Sunday, July 19, 2009

Allison Schulnik at Marty Walker Gallery


Yesterday I visited some Dallas art galleries. I was really impressed by the architecture of these spaces. They rivaled the expensive art temples of LA (I’m thinking of galleries like Acme or the new Roberts & Tilton), with their white floors, vaulted ceilings, and grand foyers/front desks. For me, the art took a back seat to the spaces this time around, except for a stop-animation video by Allison Schulnik at Marty Walker Gallery. (The video can be viewed at these links.)

Schulnik is a native Californian living in LA, it turns out, though I don’t think I have encountered her work there before. So, I was happy to find her Hobo Clown on a loop in this Dallas gallery’s project room. I was mesmerized by her characters’ rainbow tears and watched the video several times through as the clowns’ eyes excreted color after swirling color. They seem swamped by the beauty of the world around them, almost sorrowful at their inability to take it all in.

It occurred to me that the clowns’ tears could be a metaphor for my experience as a visual artist observing my surroundings. As my work has become more influenced by place over the past few years, I notice that my eyeballs often feel overwhelmed by the world around them, at the effort of taking in the details (such as when I travelled back to Arkansas in May and was shocked by the green).
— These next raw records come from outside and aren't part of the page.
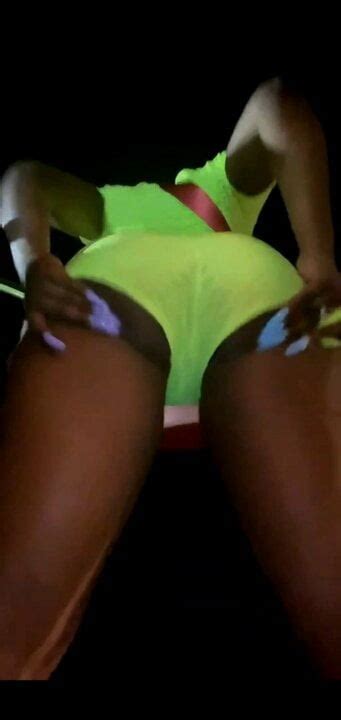 Tgirl Twerk Part Free Ebony Shemale Twerk Hd Porn Video Xhamster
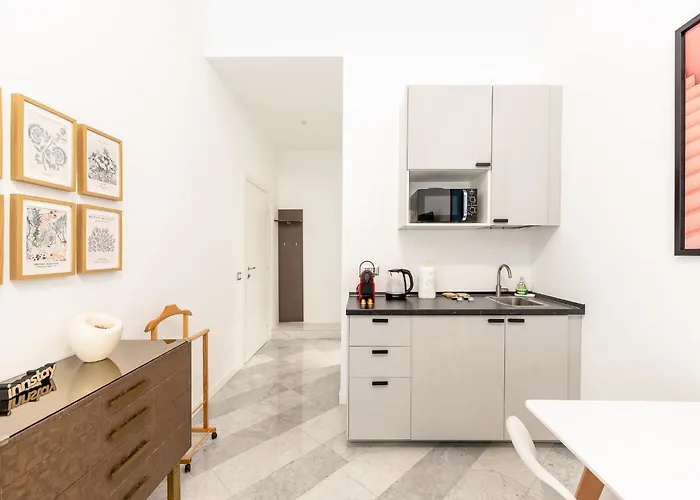 Acero & Ibisco - Repubblica By Innstay 3* Milano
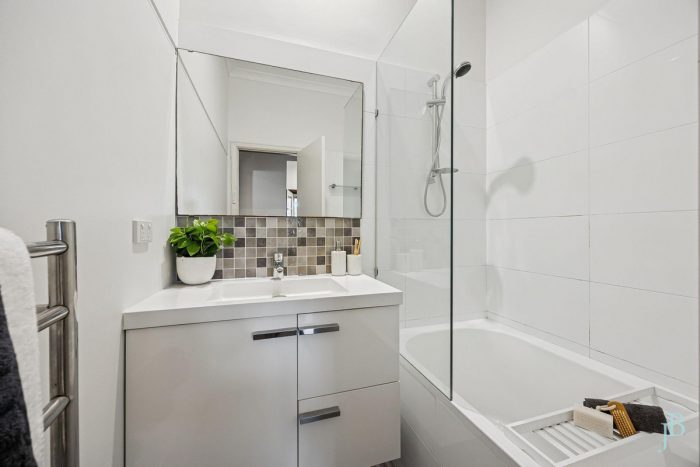 Unit 1/83 Manning Rd, Manning WA 6152, Australia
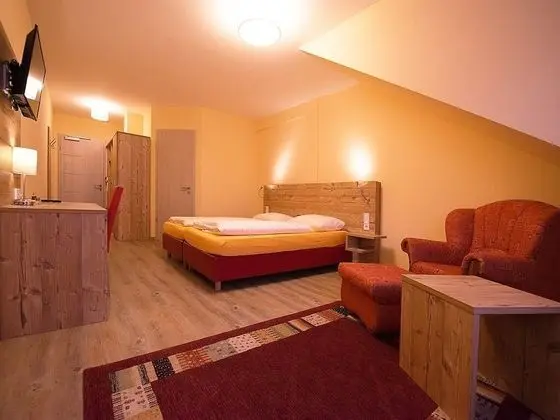 Deluxe Tek Büyük veya İki Ayrı Yataklı Oda, Banyolu/Duşlu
I want to capture everything around me with my internal camera so that I can accurately reflect a place and my feelings about it in my work. However, that internal camera is never fast enough, and its memory card is filled too quickly, so that I am often left with just fleeting impressions of a color, a pattern, or a shape. The paintings and installations that I make later are highly subjective products of this faulty memory and eye of mine.

So my sympathy went out to the poor raggedy claymation clowns in the video; sometimes I wish my eyes could regurgitate all that extra too.

(Image is a still from Hobo Clown, from the artist's website.)